### Task:
Set down again, exactly and only, the lines from the one that contains "14 évesen szexelhet, de" through the last line of the records below, both included, but not the pictures.
### Excerpted data
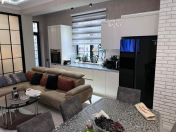 İcarəyə verilir 3 otaqlı 100 m2 yeni tikili Elmlər Akademiyası m.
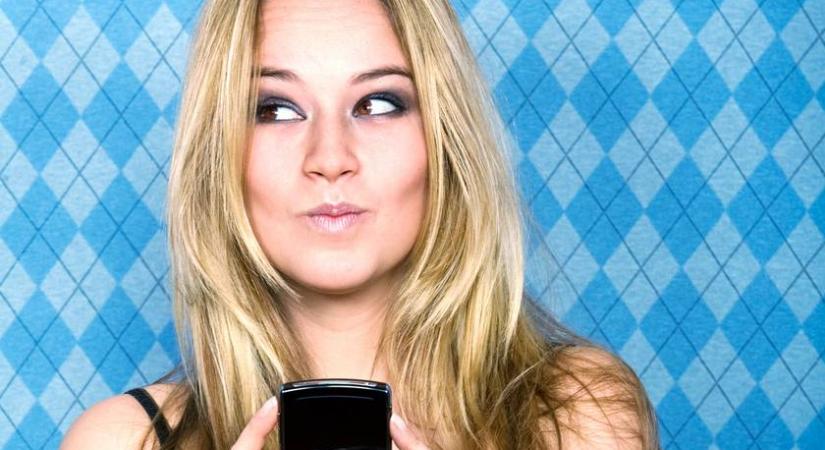 14 évesen szexelhet, de nem szextingelhet a kamasz – Furcsa a magyar jogrend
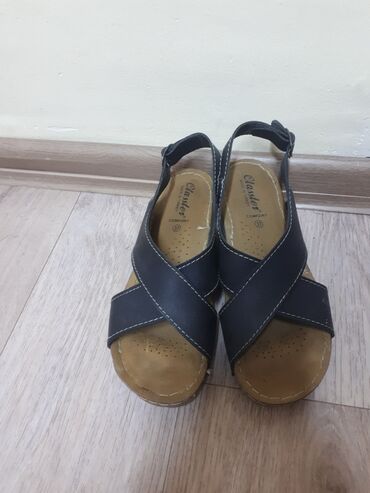 заказать crocs оригинал: 100% кожа .37 размер .800 сом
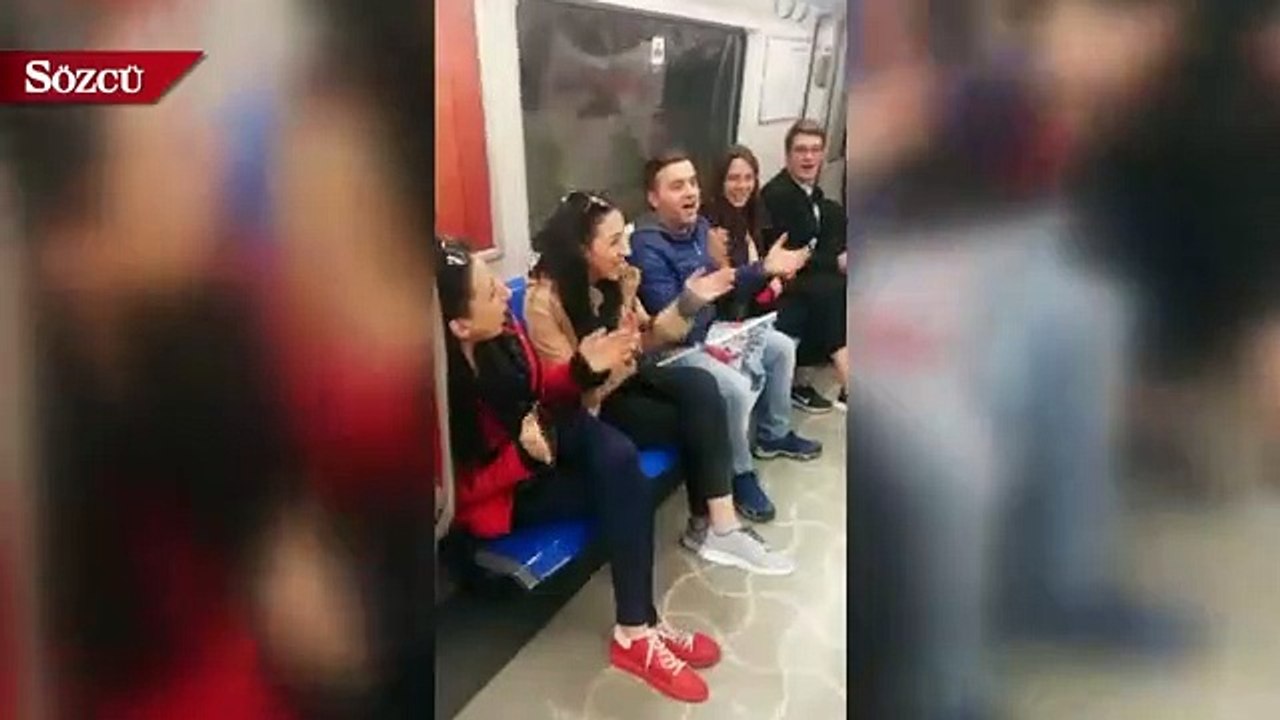 'İstanbul'a Yeni Bir Başlangıç Buluşması'na İzmir Marşı söyleyerek gittiler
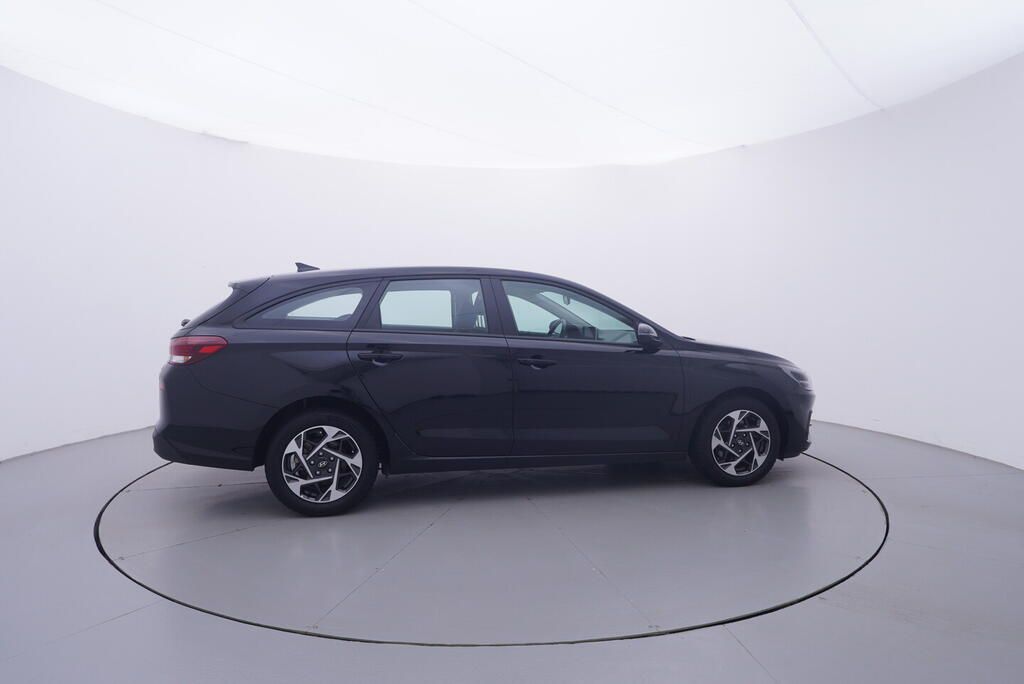 Hyundai i30, Comfort 1.0 GDI 73 kW - fotka 6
######
### Final answer:
 14 évesen szexelhet, de nem szextingelhet a kamasz – Furcsa a magyar jogrend
 заказать crocs оригинал: 100% кожа .37 размер .800 сом
 'İstanbul'a Yeni Bir Başlangıç Buluşması'na İzmir Marşı söyleyerek gittiler
 Hyundai i30, Comfort 1.0 GDI 73 kW - fotka 6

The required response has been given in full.